### Action item:
Using the entries that follow, write out the line containing "Desenho de Submarino", the line containing "[Printed Tenctonese alphabet]", and every line between them, exactly and nothing else.

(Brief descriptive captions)
□ □ □

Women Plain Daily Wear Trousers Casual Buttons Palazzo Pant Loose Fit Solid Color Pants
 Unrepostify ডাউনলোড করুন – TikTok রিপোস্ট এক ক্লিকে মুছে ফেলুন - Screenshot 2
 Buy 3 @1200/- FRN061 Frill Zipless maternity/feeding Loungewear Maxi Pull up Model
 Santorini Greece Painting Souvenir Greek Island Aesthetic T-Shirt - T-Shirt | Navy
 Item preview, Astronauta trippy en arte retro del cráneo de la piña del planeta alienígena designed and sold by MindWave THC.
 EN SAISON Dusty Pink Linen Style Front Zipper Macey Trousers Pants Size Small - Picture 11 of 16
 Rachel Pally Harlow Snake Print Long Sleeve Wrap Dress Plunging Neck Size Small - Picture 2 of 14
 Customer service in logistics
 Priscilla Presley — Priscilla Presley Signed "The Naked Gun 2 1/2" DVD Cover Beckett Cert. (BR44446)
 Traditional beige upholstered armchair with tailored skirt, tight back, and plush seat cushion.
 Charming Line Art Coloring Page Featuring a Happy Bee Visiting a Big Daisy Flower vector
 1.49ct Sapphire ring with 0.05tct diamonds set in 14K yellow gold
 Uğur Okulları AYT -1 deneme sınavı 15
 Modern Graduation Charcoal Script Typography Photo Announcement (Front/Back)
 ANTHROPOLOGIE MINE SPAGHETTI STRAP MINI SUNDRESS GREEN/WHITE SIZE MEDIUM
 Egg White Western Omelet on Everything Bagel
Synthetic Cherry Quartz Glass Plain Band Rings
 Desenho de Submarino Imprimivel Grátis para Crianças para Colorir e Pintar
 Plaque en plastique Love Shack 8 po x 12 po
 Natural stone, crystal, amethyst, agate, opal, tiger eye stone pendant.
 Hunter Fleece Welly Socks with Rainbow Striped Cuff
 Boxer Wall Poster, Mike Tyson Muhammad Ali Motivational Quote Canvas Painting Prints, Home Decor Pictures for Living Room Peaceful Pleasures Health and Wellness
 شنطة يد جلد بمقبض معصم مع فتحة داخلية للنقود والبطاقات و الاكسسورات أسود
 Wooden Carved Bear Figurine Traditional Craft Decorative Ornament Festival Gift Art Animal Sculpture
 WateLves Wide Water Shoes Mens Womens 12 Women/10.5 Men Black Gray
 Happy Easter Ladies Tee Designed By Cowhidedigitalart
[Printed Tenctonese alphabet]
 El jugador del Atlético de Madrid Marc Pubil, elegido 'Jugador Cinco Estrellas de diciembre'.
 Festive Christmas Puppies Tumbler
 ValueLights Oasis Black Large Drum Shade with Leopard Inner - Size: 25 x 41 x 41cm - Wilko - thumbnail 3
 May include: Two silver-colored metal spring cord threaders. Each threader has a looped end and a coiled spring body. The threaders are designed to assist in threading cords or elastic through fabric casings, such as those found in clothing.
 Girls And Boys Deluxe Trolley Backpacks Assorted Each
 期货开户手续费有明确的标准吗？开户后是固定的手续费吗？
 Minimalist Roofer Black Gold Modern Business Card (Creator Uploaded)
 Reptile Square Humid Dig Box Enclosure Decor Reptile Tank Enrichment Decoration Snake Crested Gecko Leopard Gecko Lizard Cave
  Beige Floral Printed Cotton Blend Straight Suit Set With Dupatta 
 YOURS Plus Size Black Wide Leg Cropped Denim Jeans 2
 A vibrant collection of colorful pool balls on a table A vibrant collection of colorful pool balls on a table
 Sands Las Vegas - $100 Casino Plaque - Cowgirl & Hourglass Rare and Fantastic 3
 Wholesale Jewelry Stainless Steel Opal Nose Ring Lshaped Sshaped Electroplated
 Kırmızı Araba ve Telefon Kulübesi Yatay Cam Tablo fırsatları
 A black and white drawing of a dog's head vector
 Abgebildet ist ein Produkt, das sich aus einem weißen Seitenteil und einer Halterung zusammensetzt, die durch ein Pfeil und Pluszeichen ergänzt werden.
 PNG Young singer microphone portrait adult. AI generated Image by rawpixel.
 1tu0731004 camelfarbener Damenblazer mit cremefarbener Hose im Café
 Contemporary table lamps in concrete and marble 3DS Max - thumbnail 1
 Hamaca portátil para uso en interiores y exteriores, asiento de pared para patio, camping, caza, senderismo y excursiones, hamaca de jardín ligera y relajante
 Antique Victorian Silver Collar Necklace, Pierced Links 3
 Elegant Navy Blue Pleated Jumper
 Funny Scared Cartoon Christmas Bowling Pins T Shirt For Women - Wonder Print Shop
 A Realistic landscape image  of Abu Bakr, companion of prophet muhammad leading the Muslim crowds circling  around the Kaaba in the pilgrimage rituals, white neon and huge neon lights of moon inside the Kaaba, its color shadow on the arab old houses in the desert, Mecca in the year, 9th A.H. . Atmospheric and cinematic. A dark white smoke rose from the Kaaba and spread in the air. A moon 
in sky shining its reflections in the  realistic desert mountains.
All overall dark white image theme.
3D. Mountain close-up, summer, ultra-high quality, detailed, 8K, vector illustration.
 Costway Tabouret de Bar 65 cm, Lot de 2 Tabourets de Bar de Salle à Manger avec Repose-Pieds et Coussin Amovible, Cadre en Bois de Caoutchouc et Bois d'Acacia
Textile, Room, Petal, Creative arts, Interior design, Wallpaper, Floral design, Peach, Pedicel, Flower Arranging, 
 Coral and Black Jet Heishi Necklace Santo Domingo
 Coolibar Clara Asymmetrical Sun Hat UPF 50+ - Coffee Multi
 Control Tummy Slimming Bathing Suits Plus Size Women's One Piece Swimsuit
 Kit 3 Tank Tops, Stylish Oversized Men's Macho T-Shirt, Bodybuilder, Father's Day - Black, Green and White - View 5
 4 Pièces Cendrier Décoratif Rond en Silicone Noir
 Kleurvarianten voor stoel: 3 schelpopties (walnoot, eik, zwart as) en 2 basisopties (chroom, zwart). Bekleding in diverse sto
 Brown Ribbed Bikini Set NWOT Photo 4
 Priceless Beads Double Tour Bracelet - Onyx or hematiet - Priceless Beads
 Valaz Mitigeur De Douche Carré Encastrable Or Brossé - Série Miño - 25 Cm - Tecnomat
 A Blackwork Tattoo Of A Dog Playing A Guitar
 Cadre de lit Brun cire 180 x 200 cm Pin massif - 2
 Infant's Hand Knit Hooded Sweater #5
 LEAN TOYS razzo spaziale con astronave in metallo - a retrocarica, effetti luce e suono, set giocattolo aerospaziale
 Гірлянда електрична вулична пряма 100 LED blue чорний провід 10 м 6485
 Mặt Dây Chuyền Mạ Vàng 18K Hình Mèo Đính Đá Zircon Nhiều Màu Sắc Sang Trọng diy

□ □ □

### Expected answer:
 Desenho de Submarino Imprimivel Grátis para Crianças para Colorir e Pintar
 Plaque en plastique Love Shack 8 po x 12 po
 Natural stone, crystal, amethyst, agate, opal, tiger eye stone pendant.
 Hunter Fleece Welly Socks with Rainbow Striped Cuff
 Boxer Wall Poster, Mike Tyson Muhammad Ali Motivational Quote Canvas Painting Prints, Home Decor Pictures for Living Room Peaceful Pleasures Health and Wellness
 شنطة يد جلد بمقبض معصم مع فتحة داخلية للنقود والبطاقات و الاكسسورات أسود
 Wooden Carved Bear Figurine Traditional Craft Decorative Ornament Festival Gift Art Animal Sculpture
 WateLves Wide Water Shoes Mens Womens 12 Women/10.5 Men Black Gray
 Happy Easter Ladies Tee Designed By Cowhidedigitalart
[Printed Tenctonese alphabet]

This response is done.